## Problem requirements:
Print out the data precisely as it appears here, with no pictures.

## Provided data:
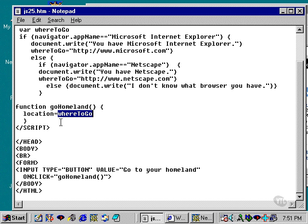That's all there is. So I create a small form in which I put a button, label it GoToYourHomeland,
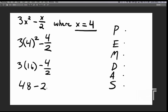Now we have 48 minus 2, which of course equals 46. So, given x equals 4, 3x squared minus x over 2 equals 46.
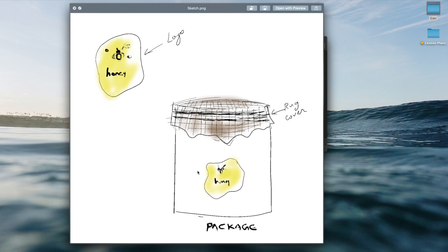I had in mind this design for a honey bottle — a ceramic bottle with a rug on top of it to give it an organic feel.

## Response box:
That's all there is. So I create a small form in which I put a button, label it GoToYourHomeland,
Now we have 48 minus 2, which of course equals 46. So, given x equals 4, 3x squared minus x over 2 equals 46.
I had in mind this design for a honey bottle — a ceramic bottle with a rug on top of it to give it an organic feel.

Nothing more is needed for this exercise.